→ The data:

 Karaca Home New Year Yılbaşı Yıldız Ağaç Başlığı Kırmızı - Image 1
--
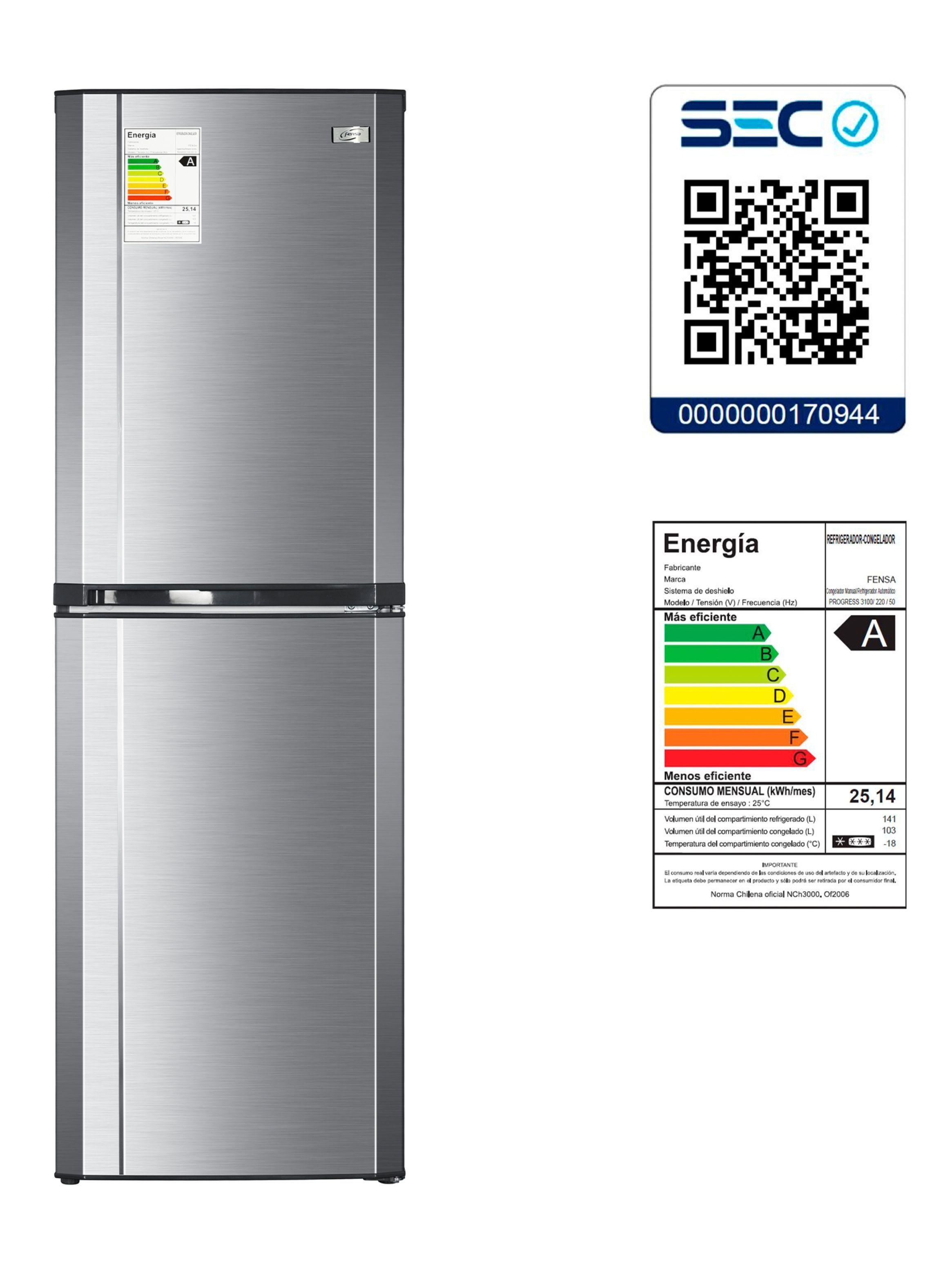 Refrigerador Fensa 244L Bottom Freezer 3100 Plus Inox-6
==
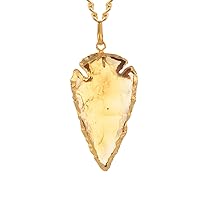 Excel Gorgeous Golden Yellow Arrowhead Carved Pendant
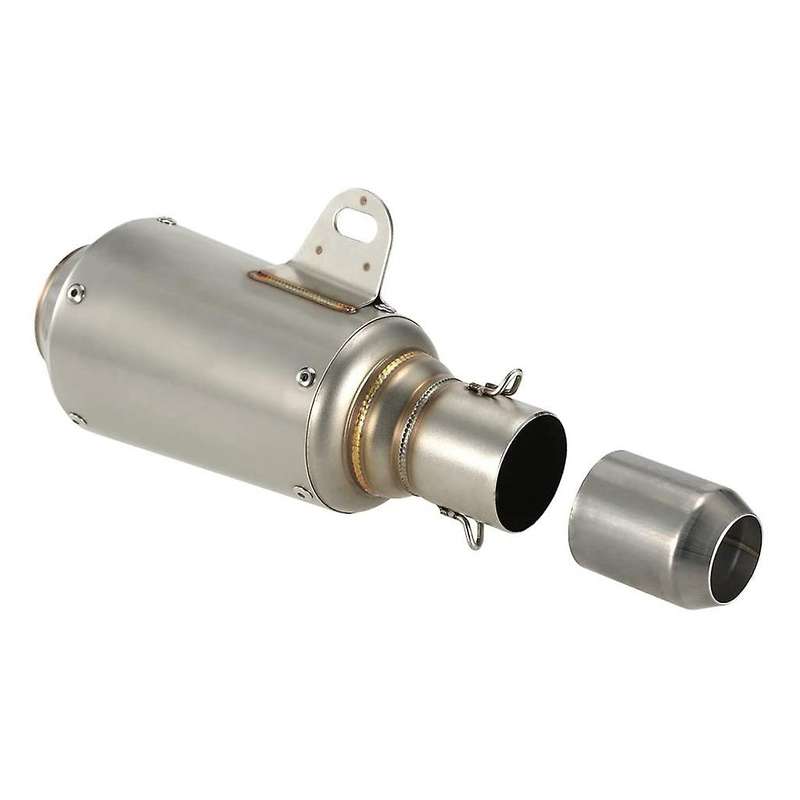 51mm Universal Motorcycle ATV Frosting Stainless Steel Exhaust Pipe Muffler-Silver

→ Task prompt: Go back to the lines above and output, exactly as they stand, the ones from the line containing "Excel Gorgeous Golden" to the line containing "51mm Universal Motorcycle". Leave all pictures behind.

→ Answer:
 Excel Gorgeous Golden Yellow Arrowhead Carved Pendant
 51mm Universal Motorcycle ATV Frosting Stainless Steel Exhaust Pipe Muffler-Silver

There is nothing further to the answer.